Linux Kernel 2.6.31 Released
diegocgteleline.es writes "The Linux kernel v2.6.31 has been released. Besides the desktop improvements and USB 3.0 support mentioned some days ago, there is an equivalent of FUSE for character devices that can be used for proxying OSS sound through ALSA, new tools for using hardware performance counters, readahead improvements, ATI Radeon KMS, Intel's Wireless Multicomm 3200 support, gcov support, a memory checker and a memory leak detector, a reimplementation of inotify and dnotify on top of a new filesystem notification infrastructure, btrfs improvements, support for IEEE 802.15.4, IPv4 over Firewire, new drivers and small improvements. The full list of changes can be found here."
I haven't looked at the official changelog or the code yet, but I'm just as confused as you about that item. Moreso perhaps, as I have used IPv4 over firewire with two linux machines before. That was probably 5 years ago or so.
Not really, the driver people aren't really the same as those who would be researching new and exciting ways to do what we already do. For quite a long time now driver development has been the majority of what the linux kernel development is.

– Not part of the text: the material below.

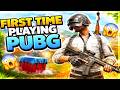 Trying PUBG For The First Time With My Friends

Of course, every now and then they make something new like mac80211, but all that really achieves is more efficient code re-use and testing, which is always good but is still just driver development.
All the simple things an operating system kernel has to do hasn't changed over the last ten or so years, just the hardware has. Operating system theory was pretty much perfected back in the 60's
From the changelog
*The new firewire driver stack is no longer considered experimental, and distributors are encouraged to migrate from the ieee1394 stack to the firewire stack
*Added IP networking to the new FireWire driver stack
It does add up. It's just added to the new stack, old stack has it already.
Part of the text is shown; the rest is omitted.